(Beginning of RECORDS TO PROCESS)
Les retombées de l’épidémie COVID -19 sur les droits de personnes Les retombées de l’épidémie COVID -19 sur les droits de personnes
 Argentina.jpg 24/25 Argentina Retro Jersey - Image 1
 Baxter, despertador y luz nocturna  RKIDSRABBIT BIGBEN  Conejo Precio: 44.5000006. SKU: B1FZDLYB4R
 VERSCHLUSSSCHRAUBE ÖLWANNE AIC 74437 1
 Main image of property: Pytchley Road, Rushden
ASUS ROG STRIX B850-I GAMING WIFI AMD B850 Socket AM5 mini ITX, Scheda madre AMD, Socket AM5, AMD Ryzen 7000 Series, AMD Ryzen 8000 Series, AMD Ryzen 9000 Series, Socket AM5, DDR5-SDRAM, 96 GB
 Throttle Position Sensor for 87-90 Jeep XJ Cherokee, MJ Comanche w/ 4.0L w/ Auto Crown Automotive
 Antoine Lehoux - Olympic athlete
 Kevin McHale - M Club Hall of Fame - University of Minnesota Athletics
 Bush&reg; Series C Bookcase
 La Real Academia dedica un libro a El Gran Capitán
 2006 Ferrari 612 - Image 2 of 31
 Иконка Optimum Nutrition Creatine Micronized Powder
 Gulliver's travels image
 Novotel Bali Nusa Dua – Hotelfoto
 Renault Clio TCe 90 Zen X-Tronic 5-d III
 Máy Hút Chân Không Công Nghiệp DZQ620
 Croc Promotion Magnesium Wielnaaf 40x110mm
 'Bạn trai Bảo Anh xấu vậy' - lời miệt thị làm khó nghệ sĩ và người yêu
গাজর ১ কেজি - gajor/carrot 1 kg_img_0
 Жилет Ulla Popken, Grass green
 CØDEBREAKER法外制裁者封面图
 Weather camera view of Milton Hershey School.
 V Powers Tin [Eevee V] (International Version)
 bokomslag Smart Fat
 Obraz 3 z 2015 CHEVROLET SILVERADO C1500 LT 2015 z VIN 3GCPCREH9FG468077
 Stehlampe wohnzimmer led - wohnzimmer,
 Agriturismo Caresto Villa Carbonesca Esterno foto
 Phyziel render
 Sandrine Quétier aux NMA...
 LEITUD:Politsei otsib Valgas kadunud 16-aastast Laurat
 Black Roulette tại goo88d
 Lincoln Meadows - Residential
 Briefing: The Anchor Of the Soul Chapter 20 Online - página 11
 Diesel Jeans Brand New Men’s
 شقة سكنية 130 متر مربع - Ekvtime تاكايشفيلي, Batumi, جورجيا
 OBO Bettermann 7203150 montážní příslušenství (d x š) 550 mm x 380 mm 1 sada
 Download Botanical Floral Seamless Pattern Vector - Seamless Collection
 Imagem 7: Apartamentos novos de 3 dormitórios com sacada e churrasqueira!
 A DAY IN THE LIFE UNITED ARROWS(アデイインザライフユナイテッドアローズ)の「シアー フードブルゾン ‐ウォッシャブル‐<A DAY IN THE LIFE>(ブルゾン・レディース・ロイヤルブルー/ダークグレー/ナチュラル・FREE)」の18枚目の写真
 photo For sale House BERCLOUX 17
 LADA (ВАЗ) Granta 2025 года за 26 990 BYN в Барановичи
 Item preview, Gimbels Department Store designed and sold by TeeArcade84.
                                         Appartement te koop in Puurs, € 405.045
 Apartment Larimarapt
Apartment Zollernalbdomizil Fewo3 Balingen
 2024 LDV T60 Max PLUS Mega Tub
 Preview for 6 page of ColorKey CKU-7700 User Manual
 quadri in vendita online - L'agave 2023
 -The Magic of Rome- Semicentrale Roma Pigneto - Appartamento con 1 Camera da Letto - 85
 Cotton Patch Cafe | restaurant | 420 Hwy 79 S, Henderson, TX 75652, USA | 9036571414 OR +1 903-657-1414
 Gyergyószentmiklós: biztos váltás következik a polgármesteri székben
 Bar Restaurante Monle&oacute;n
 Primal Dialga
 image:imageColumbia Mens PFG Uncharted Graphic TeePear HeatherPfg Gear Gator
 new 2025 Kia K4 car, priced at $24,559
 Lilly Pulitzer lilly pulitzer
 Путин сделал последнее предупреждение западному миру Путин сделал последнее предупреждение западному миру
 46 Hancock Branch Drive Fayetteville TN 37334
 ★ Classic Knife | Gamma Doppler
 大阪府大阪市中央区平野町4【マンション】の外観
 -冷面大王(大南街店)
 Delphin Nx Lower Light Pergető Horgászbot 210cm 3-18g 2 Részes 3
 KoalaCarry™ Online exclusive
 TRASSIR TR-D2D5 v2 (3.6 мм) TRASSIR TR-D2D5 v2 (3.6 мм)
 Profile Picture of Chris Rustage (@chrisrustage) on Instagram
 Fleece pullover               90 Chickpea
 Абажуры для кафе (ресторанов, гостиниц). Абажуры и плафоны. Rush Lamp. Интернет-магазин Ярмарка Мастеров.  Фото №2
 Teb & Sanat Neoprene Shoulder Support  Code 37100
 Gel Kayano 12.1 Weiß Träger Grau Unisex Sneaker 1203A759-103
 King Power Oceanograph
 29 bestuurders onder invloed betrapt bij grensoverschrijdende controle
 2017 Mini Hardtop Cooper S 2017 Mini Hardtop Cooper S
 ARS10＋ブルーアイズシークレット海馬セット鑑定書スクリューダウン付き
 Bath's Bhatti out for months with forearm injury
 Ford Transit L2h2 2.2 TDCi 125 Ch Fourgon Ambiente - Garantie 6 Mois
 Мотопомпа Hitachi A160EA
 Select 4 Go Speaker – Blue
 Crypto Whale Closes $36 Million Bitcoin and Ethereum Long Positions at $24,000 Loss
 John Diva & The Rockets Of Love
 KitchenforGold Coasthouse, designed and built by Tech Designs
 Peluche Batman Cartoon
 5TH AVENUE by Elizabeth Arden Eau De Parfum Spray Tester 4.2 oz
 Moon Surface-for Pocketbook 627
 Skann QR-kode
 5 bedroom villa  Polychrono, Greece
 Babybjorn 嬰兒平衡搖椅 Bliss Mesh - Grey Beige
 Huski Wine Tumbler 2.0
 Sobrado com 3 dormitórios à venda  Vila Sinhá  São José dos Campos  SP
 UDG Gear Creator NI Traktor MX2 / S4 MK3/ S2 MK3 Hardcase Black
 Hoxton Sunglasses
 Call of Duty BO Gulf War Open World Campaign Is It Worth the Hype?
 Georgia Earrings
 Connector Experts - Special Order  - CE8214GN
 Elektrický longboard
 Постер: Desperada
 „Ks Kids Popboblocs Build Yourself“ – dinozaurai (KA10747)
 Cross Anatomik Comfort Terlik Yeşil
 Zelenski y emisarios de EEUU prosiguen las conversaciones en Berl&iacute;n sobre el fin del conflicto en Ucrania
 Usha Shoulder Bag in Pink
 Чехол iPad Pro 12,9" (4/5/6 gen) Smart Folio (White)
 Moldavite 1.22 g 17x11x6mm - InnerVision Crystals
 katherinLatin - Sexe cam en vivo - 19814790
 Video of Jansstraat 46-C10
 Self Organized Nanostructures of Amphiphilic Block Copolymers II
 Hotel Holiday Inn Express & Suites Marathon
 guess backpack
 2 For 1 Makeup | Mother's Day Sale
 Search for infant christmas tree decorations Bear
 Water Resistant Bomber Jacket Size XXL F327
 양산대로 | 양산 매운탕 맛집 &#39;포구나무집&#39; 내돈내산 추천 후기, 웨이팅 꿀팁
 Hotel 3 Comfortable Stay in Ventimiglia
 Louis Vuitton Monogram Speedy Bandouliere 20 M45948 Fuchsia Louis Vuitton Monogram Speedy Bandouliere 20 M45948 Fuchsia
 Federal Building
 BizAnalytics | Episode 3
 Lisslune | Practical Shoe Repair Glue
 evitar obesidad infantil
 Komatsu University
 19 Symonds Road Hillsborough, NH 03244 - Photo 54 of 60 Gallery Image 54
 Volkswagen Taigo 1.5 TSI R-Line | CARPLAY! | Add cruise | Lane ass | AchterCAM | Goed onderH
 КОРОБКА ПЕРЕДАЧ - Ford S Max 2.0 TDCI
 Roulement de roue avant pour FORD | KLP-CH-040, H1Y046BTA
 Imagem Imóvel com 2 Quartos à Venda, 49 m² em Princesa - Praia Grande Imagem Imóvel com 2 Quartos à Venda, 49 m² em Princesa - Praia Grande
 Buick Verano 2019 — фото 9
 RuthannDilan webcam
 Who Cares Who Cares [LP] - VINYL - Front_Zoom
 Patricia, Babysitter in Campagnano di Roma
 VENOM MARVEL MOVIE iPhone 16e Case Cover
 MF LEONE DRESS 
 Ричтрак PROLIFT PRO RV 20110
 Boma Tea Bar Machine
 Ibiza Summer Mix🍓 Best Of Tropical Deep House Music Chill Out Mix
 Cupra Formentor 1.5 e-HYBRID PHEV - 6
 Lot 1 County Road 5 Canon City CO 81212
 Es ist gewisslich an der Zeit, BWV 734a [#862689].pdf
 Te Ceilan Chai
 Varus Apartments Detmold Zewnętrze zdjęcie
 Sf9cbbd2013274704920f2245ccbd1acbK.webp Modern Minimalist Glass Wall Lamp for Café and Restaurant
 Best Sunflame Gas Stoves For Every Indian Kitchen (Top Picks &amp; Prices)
(End of RECORDS TO PROCESS)
> **AIM OF THE TASK**
Reproduce word for word the material above, beginning with the line that contains "Мотопомпа Hitachi A160EA" and ending with the line that contains "Peluche Batman Cartoon".

> **WRITTEN RESPONSE**
 Мотопомпа Hitachi A160EA
 Select 4 Go Speaker – Blue
 Crypto Whale Closes $36 Million Bitcoin and Ethereum Long Positions at $24,000 Loss
 John Diva & The Rockets Of Love
 KitchenforGold Coasthouse, designed and built by Tech Designs
 Peluche Batman Cartoon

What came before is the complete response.